===== PROVIDED INFORMATION =====

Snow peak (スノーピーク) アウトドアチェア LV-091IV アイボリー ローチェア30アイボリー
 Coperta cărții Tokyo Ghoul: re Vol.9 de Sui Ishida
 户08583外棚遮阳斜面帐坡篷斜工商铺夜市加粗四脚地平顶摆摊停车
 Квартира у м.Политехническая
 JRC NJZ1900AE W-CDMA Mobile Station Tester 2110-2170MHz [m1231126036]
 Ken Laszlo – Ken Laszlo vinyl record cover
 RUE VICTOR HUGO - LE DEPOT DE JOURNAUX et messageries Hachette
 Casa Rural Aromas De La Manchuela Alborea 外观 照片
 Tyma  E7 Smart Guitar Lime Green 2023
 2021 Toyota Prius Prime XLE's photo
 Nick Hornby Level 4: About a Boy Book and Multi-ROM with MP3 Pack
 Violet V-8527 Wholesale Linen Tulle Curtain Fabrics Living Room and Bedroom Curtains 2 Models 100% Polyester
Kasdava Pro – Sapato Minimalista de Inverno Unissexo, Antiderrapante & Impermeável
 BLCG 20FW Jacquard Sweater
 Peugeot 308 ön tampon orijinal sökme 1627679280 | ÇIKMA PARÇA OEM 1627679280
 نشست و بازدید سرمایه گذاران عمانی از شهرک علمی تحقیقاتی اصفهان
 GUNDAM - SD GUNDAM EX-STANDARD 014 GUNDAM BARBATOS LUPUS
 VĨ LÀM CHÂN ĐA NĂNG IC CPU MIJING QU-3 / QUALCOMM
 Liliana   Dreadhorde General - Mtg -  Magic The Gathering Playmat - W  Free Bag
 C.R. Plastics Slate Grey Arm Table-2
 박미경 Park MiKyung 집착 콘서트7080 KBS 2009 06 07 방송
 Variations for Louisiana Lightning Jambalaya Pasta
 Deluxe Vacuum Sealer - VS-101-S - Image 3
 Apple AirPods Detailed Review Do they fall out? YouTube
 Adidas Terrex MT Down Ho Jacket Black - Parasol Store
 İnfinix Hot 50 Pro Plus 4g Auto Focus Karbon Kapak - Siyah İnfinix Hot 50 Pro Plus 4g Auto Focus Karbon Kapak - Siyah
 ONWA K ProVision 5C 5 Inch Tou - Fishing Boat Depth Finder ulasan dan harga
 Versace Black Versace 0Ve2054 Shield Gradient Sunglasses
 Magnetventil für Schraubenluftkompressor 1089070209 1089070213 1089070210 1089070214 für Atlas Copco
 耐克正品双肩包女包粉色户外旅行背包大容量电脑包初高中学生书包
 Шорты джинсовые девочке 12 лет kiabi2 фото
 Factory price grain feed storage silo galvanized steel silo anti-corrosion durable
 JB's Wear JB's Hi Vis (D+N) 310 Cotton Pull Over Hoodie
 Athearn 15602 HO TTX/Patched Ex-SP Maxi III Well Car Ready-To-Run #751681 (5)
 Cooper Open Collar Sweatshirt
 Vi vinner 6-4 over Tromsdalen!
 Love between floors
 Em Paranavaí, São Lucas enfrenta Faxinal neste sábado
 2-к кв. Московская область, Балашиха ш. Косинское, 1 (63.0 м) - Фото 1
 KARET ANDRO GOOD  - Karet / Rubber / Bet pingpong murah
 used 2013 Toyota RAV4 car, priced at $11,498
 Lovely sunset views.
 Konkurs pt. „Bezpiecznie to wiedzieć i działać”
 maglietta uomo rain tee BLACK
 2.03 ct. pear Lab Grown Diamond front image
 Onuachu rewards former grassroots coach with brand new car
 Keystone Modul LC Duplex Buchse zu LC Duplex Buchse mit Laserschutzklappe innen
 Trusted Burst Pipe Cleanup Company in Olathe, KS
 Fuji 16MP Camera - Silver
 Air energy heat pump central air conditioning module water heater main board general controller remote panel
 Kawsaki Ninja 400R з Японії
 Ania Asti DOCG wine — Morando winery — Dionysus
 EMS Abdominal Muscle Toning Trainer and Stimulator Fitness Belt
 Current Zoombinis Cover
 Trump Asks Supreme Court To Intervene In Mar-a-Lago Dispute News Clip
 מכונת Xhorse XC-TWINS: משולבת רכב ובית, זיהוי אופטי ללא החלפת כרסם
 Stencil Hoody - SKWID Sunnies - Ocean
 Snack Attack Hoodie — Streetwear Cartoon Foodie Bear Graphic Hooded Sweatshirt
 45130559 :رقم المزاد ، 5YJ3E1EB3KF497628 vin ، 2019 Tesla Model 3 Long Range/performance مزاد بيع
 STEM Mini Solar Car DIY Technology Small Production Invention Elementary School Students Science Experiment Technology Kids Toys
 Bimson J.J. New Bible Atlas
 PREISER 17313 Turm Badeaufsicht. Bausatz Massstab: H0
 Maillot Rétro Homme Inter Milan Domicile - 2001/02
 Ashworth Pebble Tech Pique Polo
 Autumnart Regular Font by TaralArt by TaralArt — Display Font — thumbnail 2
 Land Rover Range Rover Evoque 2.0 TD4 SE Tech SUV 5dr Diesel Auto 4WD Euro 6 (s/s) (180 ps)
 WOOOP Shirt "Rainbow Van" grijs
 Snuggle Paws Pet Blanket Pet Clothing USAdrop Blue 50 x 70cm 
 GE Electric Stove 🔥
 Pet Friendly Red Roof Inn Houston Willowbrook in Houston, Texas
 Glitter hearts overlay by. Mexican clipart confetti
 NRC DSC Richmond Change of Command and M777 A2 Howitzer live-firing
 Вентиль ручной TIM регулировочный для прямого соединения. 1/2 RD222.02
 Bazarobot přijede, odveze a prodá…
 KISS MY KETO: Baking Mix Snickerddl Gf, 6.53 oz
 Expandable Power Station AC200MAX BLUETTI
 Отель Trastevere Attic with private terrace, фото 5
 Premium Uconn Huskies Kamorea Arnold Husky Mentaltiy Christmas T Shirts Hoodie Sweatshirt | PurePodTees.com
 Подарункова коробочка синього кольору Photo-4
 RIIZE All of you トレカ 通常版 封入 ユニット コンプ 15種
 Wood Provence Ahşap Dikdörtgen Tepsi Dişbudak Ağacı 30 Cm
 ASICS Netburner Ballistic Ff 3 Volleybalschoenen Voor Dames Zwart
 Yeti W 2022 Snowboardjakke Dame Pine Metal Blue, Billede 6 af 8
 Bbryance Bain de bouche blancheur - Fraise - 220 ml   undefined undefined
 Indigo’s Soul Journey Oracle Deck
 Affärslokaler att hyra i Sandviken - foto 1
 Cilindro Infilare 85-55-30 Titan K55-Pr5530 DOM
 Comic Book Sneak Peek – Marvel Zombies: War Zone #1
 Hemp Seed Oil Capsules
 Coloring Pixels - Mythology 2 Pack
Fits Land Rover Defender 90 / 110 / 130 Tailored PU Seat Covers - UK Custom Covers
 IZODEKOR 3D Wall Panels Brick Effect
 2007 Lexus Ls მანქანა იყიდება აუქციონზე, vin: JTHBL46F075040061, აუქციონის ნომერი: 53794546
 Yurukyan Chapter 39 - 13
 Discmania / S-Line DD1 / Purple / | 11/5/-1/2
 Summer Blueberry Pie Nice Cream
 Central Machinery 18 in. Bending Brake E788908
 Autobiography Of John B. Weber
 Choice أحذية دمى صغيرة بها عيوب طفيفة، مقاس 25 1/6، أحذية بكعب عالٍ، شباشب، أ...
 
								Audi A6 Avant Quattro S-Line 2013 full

=====

◆ **TASK TO COMPLETE**
Write out exactly the lines from the line with "ASICS Netburner Ballistic" to the close of the listing above, including both of those lines.

◆ **SOLUTION TO THE PROBLEM**
 ASICS Netburner Ballistic Ff 3 Volleybalschoenen Voor Dames Zwart
 Yeti W 2022 Snowboardjakke Dame Pine Metal Blue, Billede 6 af 8
 Bbryance Bain de bouche blancheur - Fraise - 220 ml   undefined undefined
 Indigo’s Soul Journey Oracle Deck
 Affärslokaler att hyra i Sandviken - foto 1
 Cilindro Infilare 85-55-30 Titan K55-Pr5530 DOM
 Comic Book Sneak Peek – Marvel Zombies: War Zone #1
 Hemp Seed Oil Capsules
 Coloring Pixels - Mythology 2 Pack
Fits Land Rover Defender 90 / 110 / 130 Tailored PU Seat Covers - UK Custom Covers
 IZODEKOR 3D Wall Panels Brick Effect
 2007 Lexus Ls მანქანა იყიდება აუქციონზე, vin: JTHBL46F075040061, აუქციონის ნომერი: 53794546
 Yurukyan Chapter 39 - 13
 Discmania / S-Line DD1 / Purple / | 11/5/-1/2
 Summer Blueberry Pie Nice Cream
 Central Machinery 18 in. Bending Brake E788908
 Autobiography Of John B. Weber
 Choice أحذية دمى صغيرة بها عيوب طفيفة، مقاس 25 1/6، أحذية بكعب عالٍ، شباشب، أ...
 
								Audi A6 Avant Quattro S-Line 2013 full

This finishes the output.